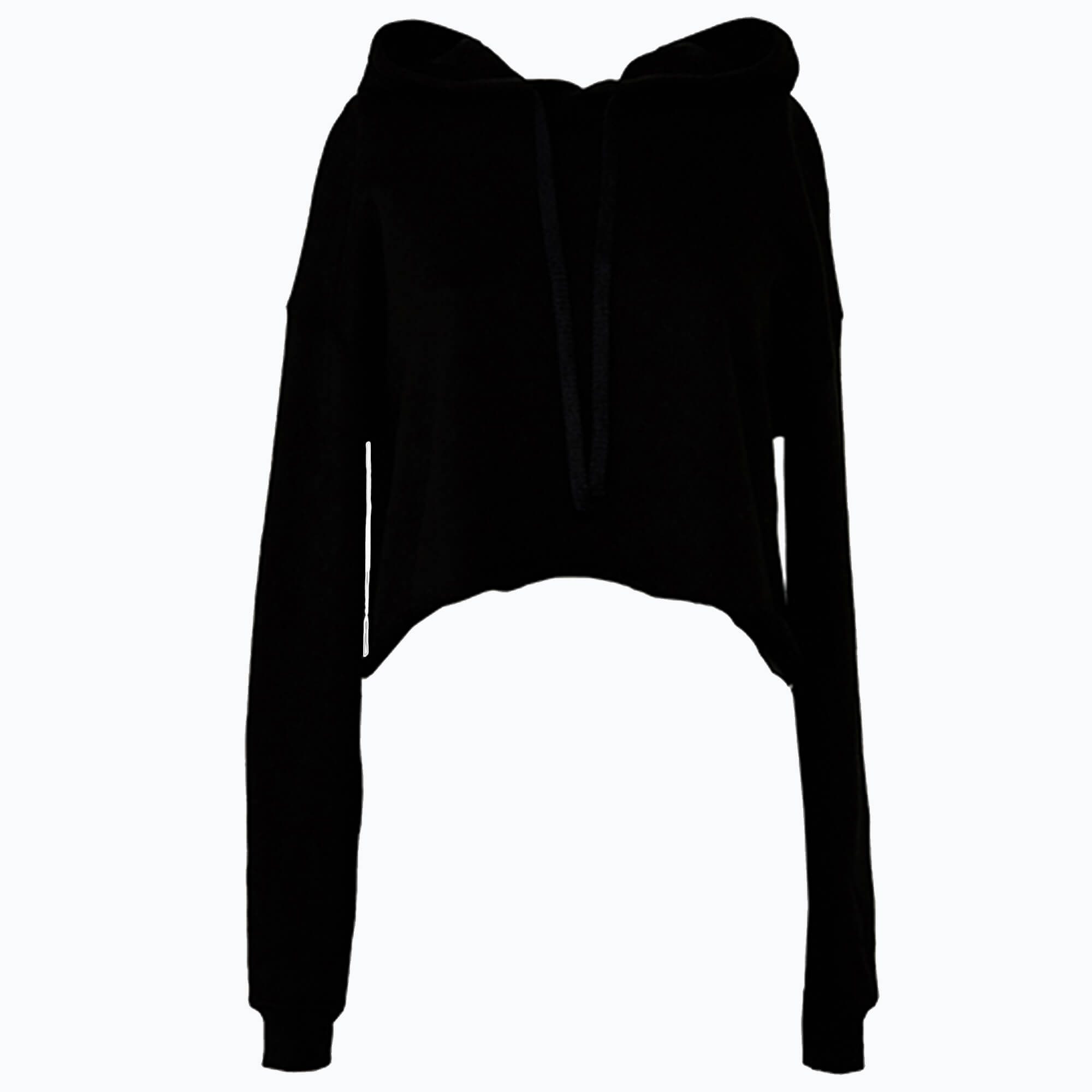 Kurzer Fleece-Hoodie für Damen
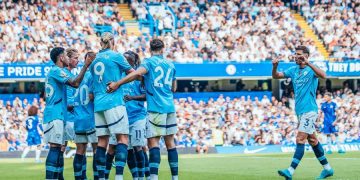 Les joueurs de Manchester City
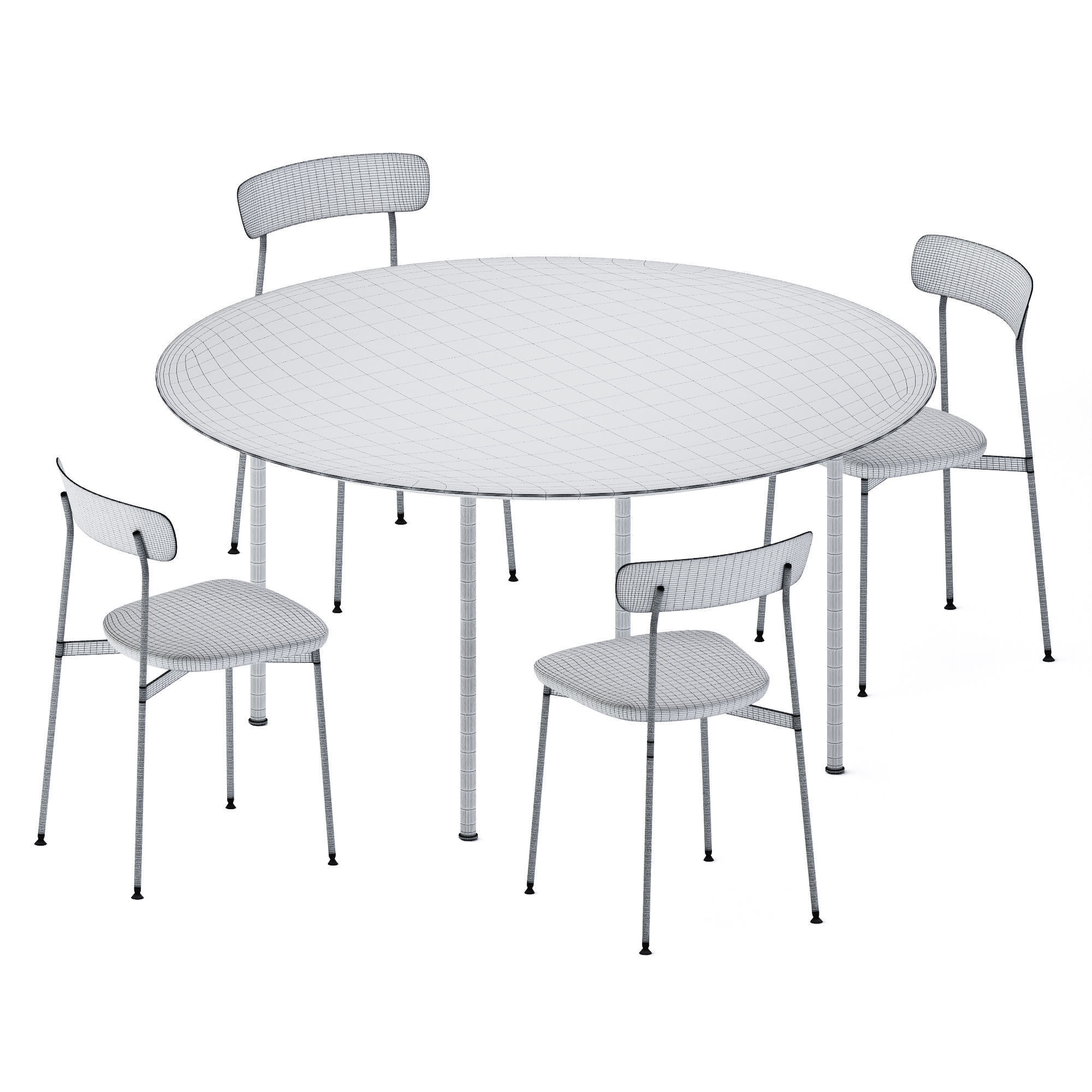 Crawford Dining Table by Stellar Works 3D model_1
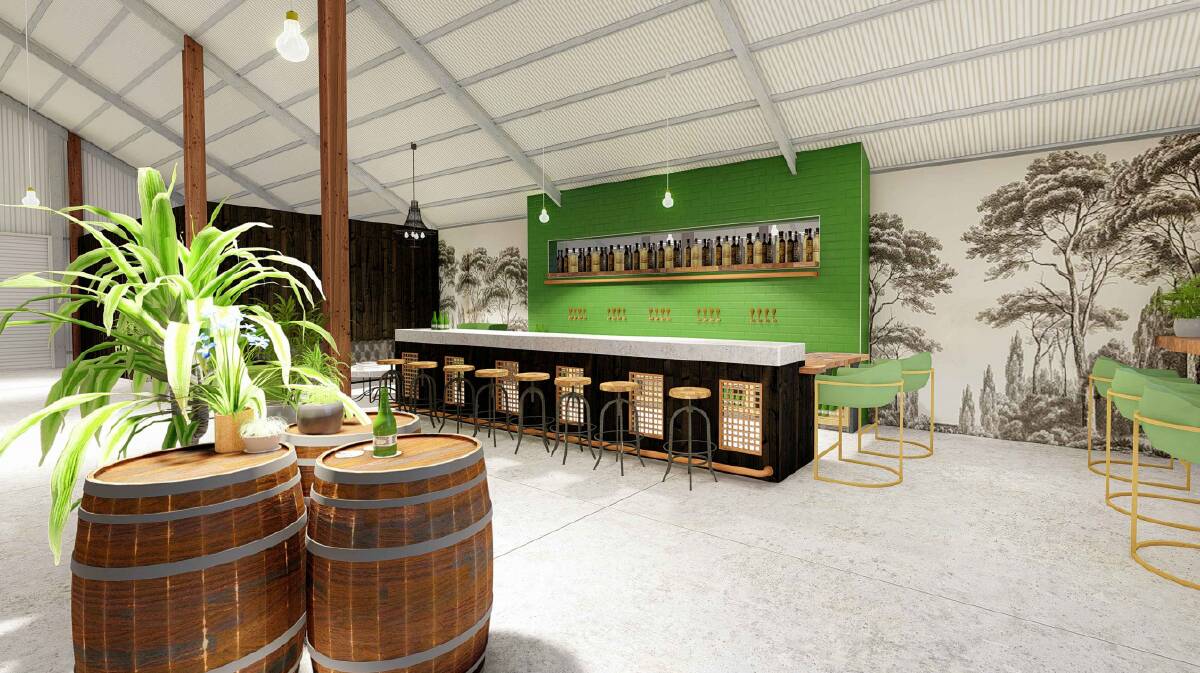 CHEERS: A look at the bar inside the new cellar door.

▶ [Task requirements] Leaving out only the pictures, return the material above unchanged.

▶ [Result of the exercise]
 Kurzer Fleece-Hoodie für Damen
 Les joueurs de Manchester City
 Crawford Dining Table by Stellar Works 3D model_1
 CHEERS: A look at the bar inside the new cellar door.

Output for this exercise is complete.